───── Records shown
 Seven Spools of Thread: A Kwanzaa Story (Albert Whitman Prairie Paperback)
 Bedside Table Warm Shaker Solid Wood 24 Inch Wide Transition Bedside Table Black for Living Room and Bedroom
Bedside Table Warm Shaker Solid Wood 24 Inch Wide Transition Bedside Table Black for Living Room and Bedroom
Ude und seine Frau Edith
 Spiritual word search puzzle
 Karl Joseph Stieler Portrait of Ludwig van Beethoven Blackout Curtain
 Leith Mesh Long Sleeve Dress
──────────
───── Records shown
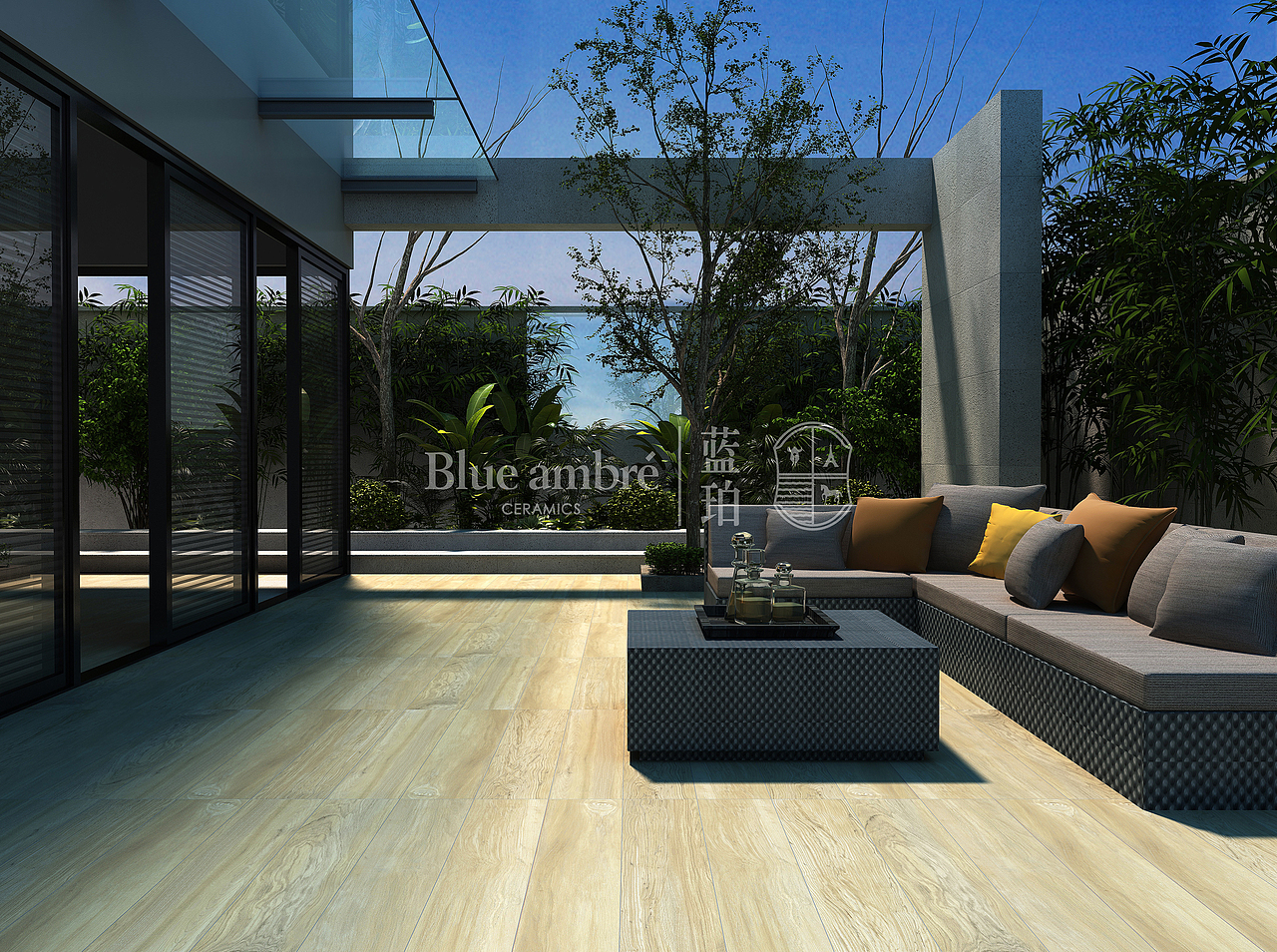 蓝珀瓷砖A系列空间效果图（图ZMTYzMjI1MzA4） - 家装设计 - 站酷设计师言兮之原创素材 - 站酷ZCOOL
──────────
───── Records shown
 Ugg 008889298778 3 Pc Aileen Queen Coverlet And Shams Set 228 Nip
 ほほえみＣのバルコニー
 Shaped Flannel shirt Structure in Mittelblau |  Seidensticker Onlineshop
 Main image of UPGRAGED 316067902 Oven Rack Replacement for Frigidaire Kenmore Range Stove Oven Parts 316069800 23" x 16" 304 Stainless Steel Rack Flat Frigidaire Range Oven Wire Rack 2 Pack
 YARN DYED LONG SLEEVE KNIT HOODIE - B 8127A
──────────
# Exercise aim
Only those lines of the entries above that run from the line containing "Ude und seine Frau Edith" to the line containing "Leith Mesh Long Sleeve Dress", both included, should be transcribed exactly.

# Task answer
Ude und seine Frau Edith
 Spiritual word search puzzle
 Karl Joseph Stieler Portrait of Ludwig van Beethoven Blackout Curtain
 Leith Mesh Long Sleeve Dress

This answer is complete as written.